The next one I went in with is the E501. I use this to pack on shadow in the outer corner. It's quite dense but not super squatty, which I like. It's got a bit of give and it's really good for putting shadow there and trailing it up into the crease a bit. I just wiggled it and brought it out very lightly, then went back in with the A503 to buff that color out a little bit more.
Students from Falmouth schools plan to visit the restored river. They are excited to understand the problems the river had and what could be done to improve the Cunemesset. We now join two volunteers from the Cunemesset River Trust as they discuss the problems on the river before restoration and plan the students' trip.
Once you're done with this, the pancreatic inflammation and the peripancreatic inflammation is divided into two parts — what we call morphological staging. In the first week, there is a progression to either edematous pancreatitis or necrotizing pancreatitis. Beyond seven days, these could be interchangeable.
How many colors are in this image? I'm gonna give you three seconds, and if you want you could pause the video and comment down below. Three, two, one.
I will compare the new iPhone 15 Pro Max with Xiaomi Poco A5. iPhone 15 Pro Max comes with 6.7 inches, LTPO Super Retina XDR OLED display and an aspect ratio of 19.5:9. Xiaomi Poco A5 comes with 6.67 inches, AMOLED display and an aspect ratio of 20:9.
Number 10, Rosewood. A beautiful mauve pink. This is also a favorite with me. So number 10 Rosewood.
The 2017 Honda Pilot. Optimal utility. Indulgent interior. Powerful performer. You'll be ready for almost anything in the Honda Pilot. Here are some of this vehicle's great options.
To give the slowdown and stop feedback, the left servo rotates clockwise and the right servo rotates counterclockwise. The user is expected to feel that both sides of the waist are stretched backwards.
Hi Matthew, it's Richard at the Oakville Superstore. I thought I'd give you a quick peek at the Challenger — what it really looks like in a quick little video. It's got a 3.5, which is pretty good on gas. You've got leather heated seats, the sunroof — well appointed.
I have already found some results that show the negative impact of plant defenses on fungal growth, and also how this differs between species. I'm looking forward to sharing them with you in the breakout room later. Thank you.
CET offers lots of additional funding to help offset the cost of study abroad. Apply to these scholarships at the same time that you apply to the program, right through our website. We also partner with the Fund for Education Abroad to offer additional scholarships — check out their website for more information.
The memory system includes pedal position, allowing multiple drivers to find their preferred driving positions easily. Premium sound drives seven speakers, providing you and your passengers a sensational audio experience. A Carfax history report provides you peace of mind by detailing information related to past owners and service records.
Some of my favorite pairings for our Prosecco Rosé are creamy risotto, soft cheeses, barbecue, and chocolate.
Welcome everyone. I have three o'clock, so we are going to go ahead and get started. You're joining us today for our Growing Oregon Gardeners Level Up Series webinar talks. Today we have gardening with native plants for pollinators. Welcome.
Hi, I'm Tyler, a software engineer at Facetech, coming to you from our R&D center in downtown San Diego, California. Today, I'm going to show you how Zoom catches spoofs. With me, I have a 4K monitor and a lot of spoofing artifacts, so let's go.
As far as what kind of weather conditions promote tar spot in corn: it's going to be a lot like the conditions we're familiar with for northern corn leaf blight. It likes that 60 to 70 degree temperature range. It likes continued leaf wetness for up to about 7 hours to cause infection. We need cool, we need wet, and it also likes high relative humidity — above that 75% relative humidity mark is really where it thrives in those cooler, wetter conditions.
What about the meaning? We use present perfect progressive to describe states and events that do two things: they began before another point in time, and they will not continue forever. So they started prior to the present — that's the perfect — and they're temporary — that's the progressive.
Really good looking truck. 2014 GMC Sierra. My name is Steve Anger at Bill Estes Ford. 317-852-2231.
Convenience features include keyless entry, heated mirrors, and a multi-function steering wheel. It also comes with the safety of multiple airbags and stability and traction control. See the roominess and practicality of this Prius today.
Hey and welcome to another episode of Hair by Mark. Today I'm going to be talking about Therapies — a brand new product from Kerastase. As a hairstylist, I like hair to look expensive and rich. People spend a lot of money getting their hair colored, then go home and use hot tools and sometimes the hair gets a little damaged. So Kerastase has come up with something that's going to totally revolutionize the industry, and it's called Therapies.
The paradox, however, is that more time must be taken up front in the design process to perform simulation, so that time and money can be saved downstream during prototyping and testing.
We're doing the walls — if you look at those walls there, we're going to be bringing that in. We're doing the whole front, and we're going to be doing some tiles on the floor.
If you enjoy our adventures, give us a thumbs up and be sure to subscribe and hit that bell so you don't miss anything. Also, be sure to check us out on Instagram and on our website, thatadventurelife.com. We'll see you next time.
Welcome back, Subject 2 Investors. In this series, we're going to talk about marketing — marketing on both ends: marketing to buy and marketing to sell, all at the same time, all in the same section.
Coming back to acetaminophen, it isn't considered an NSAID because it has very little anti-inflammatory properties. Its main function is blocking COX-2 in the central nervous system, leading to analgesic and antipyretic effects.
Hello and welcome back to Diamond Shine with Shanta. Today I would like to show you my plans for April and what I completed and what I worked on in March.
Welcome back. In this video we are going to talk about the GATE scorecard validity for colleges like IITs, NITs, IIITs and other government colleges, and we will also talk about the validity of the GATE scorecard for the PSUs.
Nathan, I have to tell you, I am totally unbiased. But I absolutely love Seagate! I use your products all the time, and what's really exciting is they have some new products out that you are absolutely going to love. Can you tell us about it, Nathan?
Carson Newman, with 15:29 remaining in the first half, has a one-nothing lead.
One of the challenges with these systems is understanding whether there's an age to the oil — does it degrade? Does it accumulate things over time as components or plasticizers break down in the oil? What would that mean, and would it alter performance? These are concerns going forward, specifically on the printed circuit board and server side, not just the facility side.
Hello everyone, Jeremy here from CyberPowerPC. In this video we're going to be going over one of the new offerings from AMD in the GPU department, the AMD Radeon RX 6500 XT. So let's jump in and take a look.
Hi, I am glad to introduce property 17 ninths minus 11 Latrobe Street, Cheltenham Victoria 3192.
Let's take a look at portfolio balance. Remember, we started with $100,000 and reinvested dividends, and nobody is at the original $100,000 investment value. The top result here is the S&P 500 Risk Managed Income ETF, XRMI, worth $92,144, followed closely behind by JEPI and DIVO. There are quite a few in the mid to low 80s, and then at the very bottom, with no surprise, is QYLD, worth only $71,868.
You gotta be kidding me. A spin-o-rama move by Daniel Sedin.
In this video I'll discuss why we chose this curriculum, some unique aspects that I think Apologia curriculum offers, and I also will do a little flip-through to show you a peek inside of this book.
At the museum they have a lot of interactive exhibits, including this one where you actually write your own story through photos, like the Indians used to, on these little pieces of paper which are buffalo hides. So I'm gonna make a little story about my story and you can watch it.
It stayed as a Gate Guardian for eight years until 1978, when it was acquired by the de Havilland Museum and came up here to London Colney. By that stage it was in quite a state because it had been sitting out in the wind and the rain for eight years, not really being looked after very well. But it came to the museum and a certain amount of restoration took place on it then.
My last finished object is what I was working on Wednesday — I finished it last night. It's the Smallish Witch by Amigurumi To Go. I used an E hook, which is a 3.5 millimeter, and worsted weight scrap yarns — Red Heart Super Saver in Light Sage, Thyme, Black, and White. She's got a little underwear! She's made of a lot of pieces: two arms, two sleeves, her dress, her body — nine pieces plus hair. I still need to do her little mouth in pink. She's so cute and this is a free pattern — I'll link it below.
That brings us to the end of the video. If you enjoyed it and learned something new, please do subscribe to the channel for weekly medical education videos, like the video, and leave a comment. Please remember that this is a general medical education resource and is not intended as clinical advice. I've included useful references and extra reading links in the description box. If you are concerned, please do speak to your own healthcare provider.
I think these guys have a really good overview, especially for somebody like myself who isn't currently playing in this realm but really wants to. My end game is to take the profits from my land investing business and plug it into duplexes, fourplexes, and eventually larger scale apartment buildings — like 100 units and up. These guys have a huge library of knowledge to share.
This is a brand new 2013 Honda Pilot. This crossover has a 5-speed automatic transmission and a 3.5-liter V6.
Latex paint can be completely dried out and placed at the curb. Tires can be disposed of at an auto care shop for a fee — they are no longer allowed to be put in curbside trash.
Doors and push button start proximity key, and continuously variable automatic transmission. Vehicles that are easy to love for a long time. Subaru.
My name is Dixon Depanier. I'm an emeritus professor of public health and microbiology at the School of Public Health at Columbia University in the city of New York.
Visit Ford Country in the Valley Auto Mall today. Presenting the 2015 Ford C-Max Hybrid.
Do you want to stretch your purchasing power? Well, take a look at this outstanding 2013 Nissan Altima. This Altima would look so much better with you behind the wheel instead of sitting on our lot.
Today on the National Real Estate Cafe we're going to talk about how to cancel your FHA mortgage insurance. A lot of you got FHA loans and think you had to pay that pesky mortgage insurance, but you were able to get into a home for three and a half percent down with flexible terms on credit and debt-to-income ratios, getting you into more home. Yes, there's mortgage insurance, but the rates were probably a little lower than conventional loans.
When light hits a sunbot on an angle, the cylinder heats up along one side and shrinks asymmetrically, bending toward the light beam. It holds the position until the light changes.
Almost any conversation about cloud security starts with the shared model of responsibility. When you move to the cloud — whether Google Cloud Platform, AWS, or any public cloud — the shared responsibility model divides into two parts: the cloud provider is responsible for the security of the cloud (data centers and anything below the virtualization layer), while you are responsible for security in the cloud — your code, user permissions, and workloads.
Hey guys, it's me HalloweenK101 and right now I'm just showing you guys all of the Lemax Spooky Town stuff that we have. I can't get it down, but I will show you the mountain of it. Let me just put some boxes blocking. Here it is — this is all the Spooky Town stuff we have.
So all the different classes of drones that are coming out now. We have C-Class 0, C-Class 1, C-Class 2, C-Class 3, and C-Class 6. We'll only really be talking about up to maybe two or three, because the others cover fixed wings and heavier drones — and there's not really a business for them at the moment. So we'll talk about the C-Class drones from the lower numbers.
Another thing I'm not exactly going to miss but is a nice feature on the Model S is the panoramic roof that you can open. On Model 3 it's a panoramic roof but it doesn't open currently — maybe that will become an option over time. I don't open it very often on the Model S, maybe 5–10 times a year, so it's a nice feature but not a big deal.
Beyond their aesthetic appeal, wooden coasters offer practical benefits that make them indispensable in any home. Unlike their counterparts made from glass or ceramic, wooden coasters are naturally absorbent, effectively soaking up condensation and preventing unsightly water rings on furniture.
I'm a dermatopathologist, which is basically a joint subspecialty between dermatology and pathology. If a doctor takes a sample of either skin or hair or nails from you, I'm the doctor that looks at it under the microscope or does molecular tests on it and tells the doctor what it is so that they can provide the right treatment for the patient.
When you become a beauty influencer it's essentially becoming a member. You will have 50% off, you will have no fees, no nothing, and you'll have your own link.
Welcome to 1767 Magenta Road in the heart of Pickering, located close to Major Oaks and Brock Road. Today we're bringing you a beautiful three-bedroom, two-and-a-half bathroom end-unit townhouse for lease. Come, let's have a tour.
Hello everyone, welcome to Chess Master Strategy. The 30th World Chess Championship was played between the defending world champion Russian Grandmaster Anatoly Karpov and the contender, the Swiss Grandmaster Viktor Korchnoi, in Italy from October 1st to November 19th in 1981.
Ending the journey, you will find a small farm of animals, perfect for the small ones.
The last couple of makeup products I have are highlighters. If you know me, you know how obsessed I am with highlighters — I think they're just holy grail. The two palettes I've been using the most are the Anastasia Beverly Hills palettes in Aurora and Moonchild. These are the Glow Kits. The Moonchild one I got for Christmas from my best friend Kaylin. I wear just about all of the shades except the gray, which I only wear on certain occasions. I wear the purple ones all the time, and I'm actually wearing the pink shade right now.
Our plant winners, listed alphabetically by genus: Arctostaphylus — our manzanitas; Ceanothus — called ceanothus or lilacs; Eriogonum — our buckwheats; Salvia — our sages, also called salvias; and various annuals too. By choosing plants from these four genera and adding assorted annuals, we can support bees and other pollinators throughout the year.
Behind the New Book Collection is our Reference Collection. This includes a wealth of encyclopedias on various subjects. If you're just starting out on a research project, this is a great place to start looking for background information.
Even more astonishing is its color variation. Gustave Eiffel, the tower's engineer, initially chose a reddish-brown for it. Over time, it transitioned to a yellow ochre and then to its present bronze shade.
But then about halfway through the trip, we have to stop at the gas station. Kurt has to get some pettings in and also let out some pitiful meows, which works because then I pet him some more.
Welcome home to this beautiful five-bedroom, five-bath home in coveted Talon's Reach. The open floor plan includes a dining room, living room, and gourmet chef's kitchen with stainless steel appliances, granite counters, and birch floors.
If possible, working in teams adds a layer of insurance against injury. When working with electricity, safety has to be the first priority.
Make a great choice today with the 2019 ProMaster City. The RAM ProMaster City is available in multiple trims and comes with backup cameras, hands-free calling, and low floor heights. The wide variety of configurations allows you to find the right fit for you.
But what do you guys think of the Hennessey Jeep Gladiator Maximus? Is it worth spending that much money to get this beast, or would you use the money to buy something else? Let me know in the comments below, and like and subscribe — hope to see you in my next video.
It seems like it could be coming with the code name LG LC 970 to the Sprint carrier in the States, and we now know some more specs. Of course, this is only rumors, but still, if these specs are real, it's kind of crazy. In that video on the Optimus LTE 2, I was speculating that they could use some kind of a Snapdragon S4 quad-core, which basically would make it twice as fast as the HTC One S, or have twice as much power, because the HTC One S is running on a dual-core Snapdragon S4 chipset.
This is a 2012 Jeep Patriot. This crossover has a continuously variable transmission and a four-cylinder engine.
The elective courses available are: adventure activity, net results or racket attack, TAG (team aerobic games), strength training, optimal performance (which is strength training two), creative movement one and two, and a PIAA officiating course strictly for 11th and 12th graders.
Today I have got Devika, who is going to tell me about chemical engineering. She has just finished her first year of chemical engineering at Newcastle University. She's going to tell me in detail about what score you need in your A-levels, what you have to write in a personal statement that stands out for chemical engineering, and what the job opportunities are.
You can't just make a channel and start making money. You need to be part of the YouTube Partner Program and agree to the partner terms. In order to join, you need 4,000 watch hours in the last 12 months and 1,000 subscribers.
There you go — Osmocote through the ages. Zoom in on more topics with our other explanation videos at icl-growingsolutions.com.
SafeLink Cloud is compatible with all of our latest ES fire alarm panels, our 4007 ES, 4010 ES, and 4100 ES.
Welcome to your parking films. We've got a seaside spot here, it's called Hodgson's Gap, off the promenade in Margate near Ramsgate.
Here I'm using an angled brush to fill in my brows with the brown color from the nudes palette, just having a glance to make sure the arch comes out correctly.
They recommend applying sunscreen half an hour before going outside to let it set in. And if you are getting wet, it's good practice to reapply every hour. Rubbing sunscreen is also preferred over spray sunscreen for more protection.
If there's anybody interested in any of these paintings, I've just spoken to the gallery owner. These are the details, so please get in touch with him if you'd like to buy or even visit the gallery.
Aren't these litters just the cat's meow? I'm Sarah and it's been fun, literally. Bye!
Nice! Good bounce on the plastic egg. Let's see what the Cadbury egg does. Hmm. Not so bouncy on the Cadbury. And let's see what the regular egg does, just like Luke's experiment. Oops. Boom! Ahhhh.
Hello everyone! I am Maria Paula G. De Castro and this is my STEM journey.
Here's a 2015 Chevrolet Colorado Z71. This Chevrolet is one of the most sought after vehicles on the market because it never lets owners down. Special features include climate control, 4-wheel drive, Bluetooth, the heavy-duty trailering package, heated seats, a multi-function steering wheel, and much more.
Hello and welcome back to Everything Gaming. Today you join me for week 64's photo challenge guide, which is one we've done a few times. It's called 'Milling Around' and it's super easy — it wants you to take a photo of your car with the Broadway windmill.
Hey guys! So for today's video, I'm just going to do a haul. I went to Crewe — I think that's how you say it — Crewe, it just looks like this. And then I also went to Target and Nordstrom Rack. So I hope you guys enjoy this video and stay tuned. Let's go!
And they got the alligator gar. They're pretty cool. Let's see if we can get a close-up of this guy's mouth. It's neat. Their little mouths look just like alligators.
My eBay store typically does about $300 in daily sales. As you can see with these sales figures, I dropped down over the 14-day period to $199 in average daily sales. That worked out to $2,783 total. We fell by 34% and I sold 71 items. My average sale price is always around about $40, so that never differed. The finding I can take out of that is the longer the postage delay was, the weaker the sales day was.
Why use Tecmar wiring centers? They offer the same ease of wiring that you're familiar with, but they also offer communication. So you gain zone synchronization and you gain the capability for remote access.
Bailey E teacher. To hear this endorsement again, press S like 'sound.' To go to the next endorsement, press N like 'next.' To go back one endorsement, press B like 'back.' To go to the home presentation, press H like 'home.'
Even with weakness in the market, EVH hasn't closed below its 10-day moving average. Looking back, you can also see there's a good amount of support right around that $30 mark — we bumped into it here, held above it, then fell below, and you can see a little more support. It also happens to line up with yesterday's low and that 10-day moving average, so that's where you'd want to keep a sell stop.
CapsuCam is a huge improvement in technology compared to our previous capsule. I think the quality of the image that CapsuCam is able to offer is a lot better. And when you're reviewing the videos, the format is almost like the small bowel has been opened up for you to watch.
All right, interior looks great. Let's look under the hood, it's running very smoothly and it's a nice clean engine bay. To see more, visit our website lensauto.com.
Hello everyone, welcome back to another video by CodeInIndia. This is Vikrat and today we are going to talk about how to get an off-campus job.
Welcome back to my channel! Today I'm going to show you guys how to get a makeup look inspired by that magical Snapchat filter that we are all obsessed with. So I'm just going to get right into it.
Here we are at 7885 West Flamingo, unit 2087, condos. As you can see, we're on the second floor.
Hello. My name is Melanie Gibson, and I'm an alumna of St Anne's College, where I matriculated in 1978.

---+---

• EXERCISE
Reproducing the whole listing above is not the task. Copy exactly only the lines from the one with "But then about" to the one with "The elective courses", both kept.

• RESPONSE AREA
But then about halfway through the trip, we have to stop at the gas station. Kurt has to get some pettings in and also let out some pitiful meows, which works because then I pet him some more.
Welcome home to this beautiful five-bedroom, five-bath home in coveted Talon's Reach. The open floor plan includes a dining room, living room, and gourmet chef's kitchen with stainless steel appliances, granite counters, and birch floors.
If possible, working in teams adds a layer of insurance against injury. When working with electricity, safety has to be the first priority.
Make a great choice today with the 2019 ProMaster City. The RAM ProMaster City is available in multiple trims and comes with backup cameras, hands-free calling, and low floor heights. The wide variety of configurations allows you to find the right fit for you.
But what do you guys think of the Hennessey Jeep Gladiator Maximus? Is it worth spending that much money to get this beast, or would you use the money to buy something else? Let me know in the comments below, and like and subscribe — hope to see you in my next video.
It seems like it could be coming with the code name LG LC 970 to the Sprint carrier in the States, and we now know some more specs. Of course, this is only rumors, but still, if these specs are real, it's kind of crazy. In that video on the Optimus LTE 2, I was speculating that they could use some kind of a Snapdragon S4 quad-core, which basically would make it twice as fast as the HTC One S, or have twice as much power, because the HTC One S is running on a dual-core Snapdragon S4 chipset.
This is a 2012 Jeep Patriot. This crossover has a continuously variable transmission and a four-cylinder engine.
The elective courses available are: adventure activity, net results or racket attack, TAG (team aerobic games), strength training, optimal performance (which is strength training two), creative movement one and two, and a PIAA officiating course strictly for 11th and 12th graders.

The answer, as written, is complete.